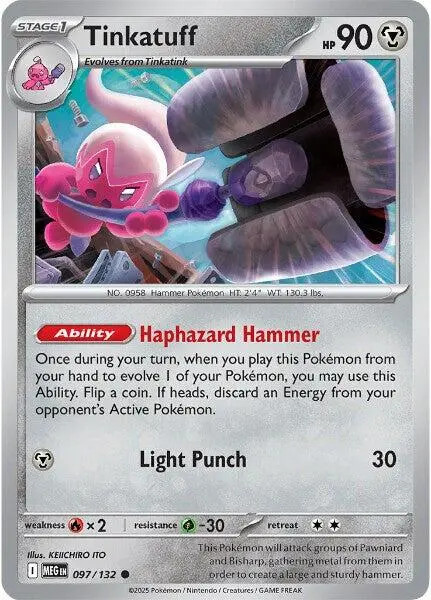 Tinkatuff (097/132) [Mega Evolution: Base Set] 1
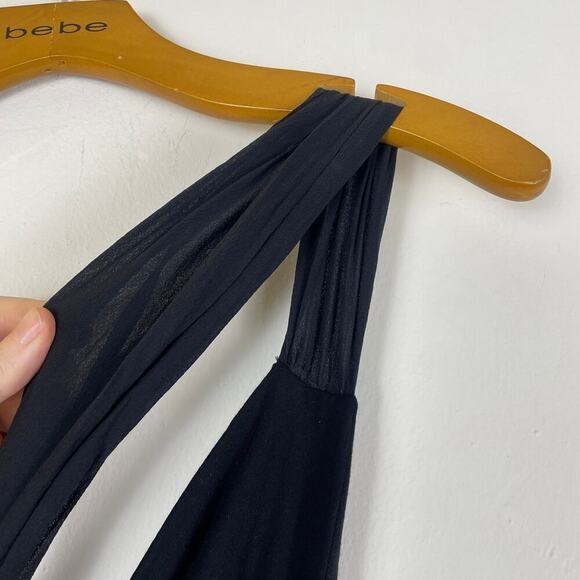 Pinko Women’s Black Midi Dress Bodycon Scoop Back Studded size 8 - Picture 7 of 8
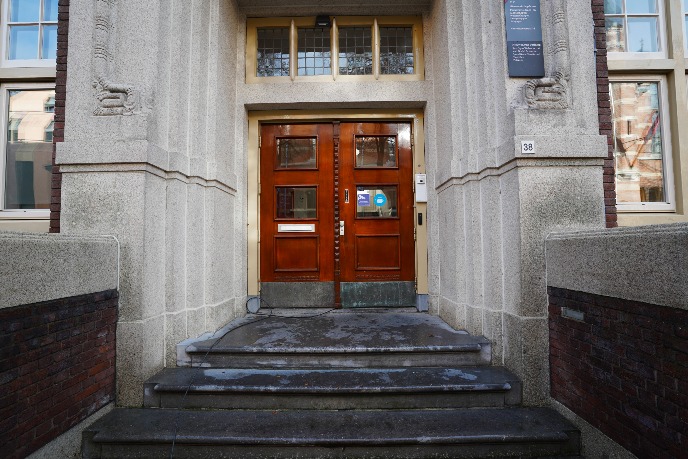 Main entrance of the building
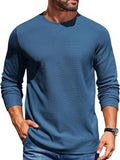 Cloud-Soft Waffle Knit Long Sleeve Tee (US Only)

→ **WHAT THE EXERCISE ASKS**
What the answer must hold: all the data above, given again exactly, without pictures.

→ **SOLUTION TO THE EXERCISE**
 Tinkatuff (097/132) [Mega Evolution: Base Set] 1
 Pinko Women’s Black Midi Dress Bodycon Scoop Back Studded size 8 - Picture 7 of 8
 Main entrance of the building
 Cloud-Soft Waffle Knit Long Sleeve Tee (US Only)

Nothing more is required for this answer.